America was, in many ways, built by people who were LARPing—engaging in live-action role-play, immune to fact checks, and convinced that they had exclusive access to the facts. It was a place designed to blur the line between the fictional and the real world, where players could fully immerse themselves in their characters’ goals within a setting that was no less real for being imagined.

In this environment, you could “rise up,” channel the Holy Spirit, be born again instantly, and be rewarded with an eternal afterlife, all while new technologies like high-speed travel, the telegraph, and photography were making “technology indistinguishable from magic.” The very concept of reality was flexible, and with the right beliefs—or the right tools—you could reshape it entirely.

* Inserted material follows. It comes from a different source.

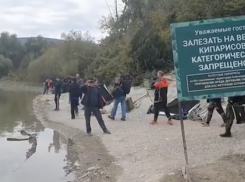 На Кипарисовом озере под Анапой идут съёмки комедийного фильма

You could communicate with ghosts through Morse code, and the advent of electrical transatlantic communication was taken as “proof” of the possibility of communication between two worlds: the living and the dead. The boundaries between the natural and the supernatural, the real and the imagined, were dissolving in the face of rapid technological advancement and fervent belief. In America, the distinction between Heaven and Earth, the mortal and the divine, was as thin as a telegraph wire and just as charged with possibility.